● **Records shown**
========================================

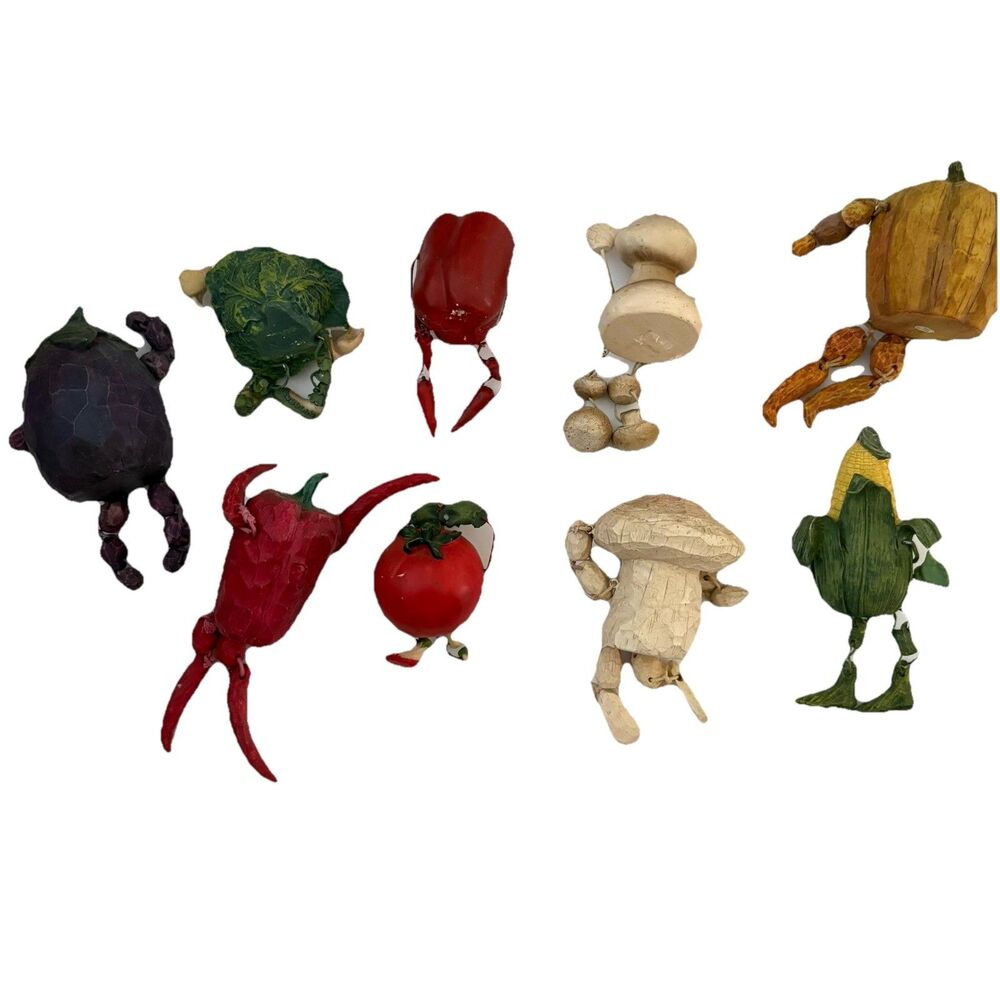VTG Set of 9 Anthropomorphic Vegetable Shelf Sitters Whimsical Kitchen Decor - Picture 6 of 11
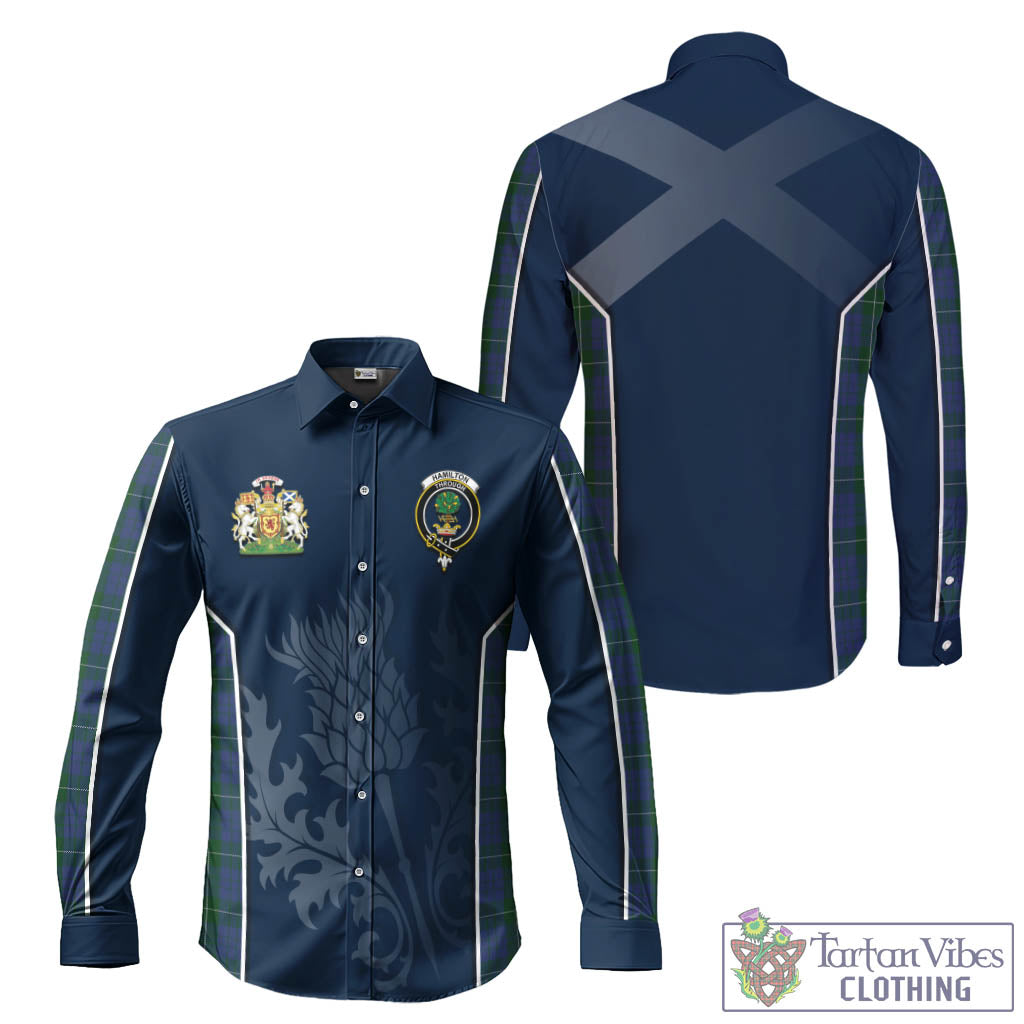 Tartan Vibes Clothing Hamilton Hunting Tartan Long Sleeve Button Up Shirt with Family Crest and Scottish Thistle Vibes Sport Style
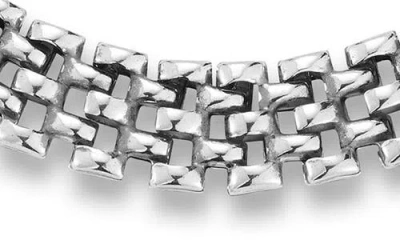 Yield Of Men Oxidized Sterling Silver Panther Link Bracelet In Metallic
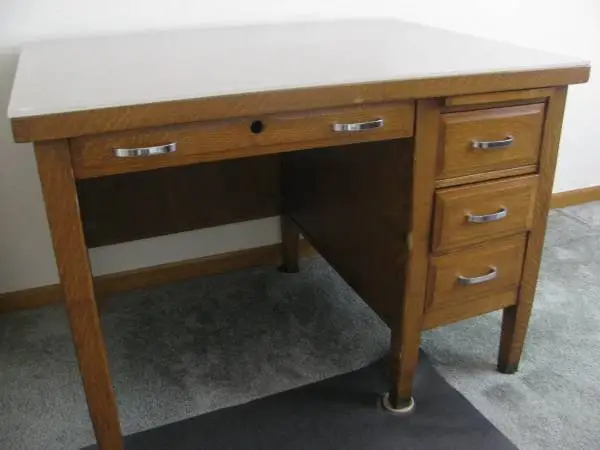 Four-Drawer Wooden Desk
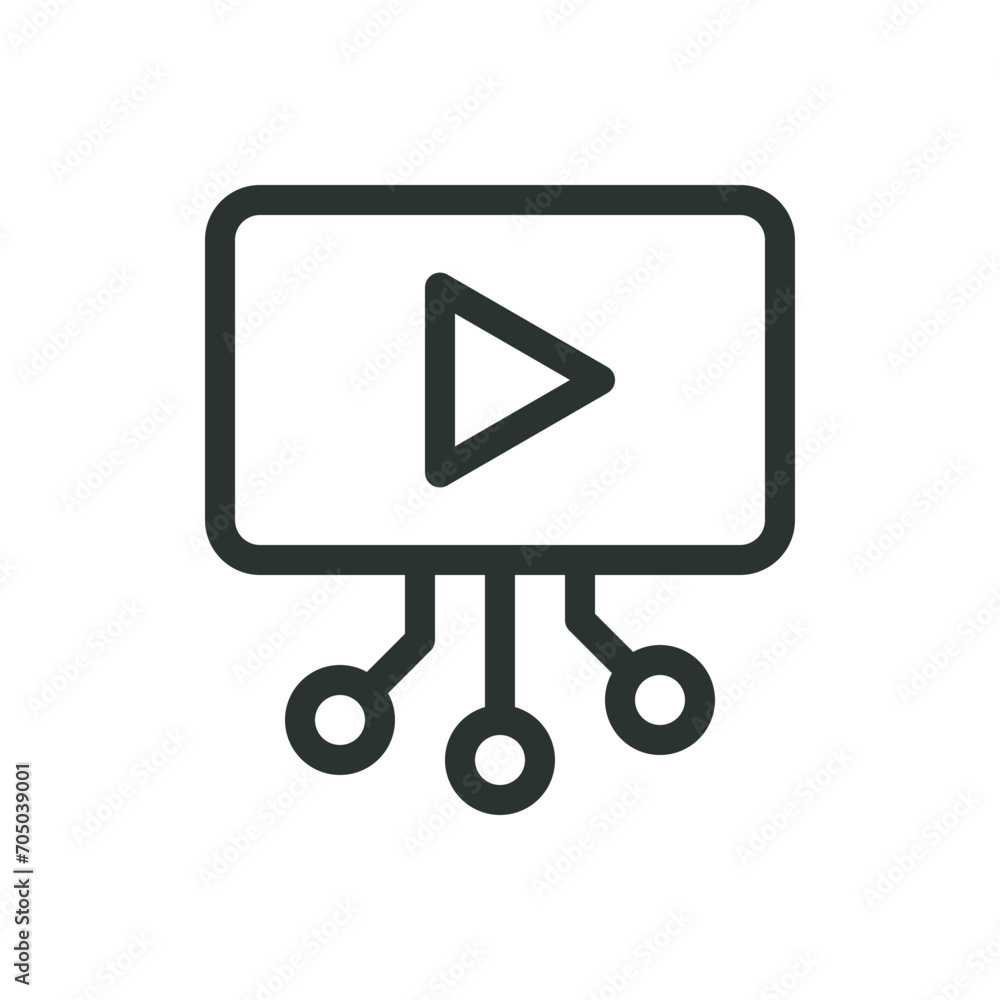 AI video generator isolated icon, neural network for video creation vector icon with editable stroke AI video generator isolated icon, neural network for video creation vector icon with editable stroke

========================================

● **Task directions**
Copy out all the entries exactly. Images stay out of the copy.

● **Solution to the exercise**
VTG Set of 9 Anthropomorphic Vegetable Shelf Sitters Whimsical Kitchen Decor - Picture 6 of 11
 Tartan Vibes Clothing Hamilton Hunting Tartan Long Sleeve Button Up Shirt with Family Crest and Scottish Thistle Vibes Sport Style
 Yield Of Men Oxidized Sterling Silver Panther Link Bracelet In Metallic
 Four-Drawer Wooden Desk
 AI video generator isolated icon, neural network for video creation vector icon with editable stroke AI video generator isolated icon, neural network for video creation vector icon with editable stroke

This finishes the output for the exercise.